It was my intention to write a book that got away from the confessional, to be one of those poets that does interesting work around data and process. In the initial meeting with Tom (Chivers) I spoke about wanting to transcend my kookiness– whatever that means. Why should people care about all that? Personality driven […]
When I watch other poets, or read their work it is always the bits that are sort of personal and hurty that appeal to me the most. I read this poem by Huw Lawrence recently called Bypassed and these lines sum up what I mean:
You get there through St. Clairs
where my father gives me crisps
and leaves me standing too long
outside the pub

I want to know the secret things, but I know a lot of people don’t. My attempts at using language in a new way went astray when my Mum died while I was writing the book. But really, the book is not all about that. I think it is about modern life in general, and how it bullies you. Mum was bullied her whole life by convention, status and expectation.

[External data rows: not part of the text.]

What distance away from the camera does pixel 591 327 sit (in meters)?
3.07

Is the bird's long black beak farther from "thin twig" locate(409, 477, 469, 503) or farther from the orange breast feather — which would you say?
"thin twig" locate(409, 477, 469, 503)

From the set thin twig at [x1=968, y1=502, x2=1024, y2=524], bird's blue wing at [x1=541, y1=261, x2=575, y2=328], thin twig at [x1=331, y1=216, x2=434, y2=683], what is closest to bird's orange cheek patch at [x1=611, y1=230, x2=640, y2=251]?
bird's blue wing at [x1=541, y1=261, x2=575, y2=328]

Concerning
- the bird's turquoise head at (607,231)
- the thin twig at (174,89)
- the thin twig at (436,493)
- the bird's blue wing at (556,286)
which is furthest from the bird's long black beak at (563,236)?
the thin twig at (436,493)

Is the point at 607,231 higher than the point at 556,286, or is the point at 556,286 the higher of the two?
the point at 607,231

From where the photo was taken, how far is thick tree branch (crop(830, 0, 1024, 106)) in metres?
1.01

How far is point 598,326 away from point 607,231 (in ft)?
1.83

In some ways this makes it a political book. Being a woman, being a person. Trying to do the things that you’re supposed to do, on a larger level than just getting married and having kids- though that is in there too. Is it even possible to be ‘bohemian’ anymore? I don’t have a mortgage or a ‘real job’ and I am a single mum but I still have to fight different types of conformity- having an identity on the internet for instance, the constructs put forward by the media, being a ‘poet’. Even by writing this I am policing myself, trying to call myself or my work something.
It would be nice to think you can get away from these things. By being honest I think you can get some of the way there. In The Story of No, the poem ‘End’ for example is a sort of anti-status- the opposite of what I would post about myself on Facebook. Depression, or however you think of it, the reality of the everyday, my failures.
Perhaps it is unwise to think you can attain a state of Zen through exploration of difficult subjects, using something as useless and slippery as language, but I still think the best way to silence something is to expose it for what it is. There are many different ways of doing this with poetry which is why I like it so much. And although I set out to write a different type of book, I am glad this one got written. I am also the boy eating crisps outside that pub, and I would like Huw Lawrence to know it. Love and common experience are the things that will save us- they exist outside any kind of regulated space.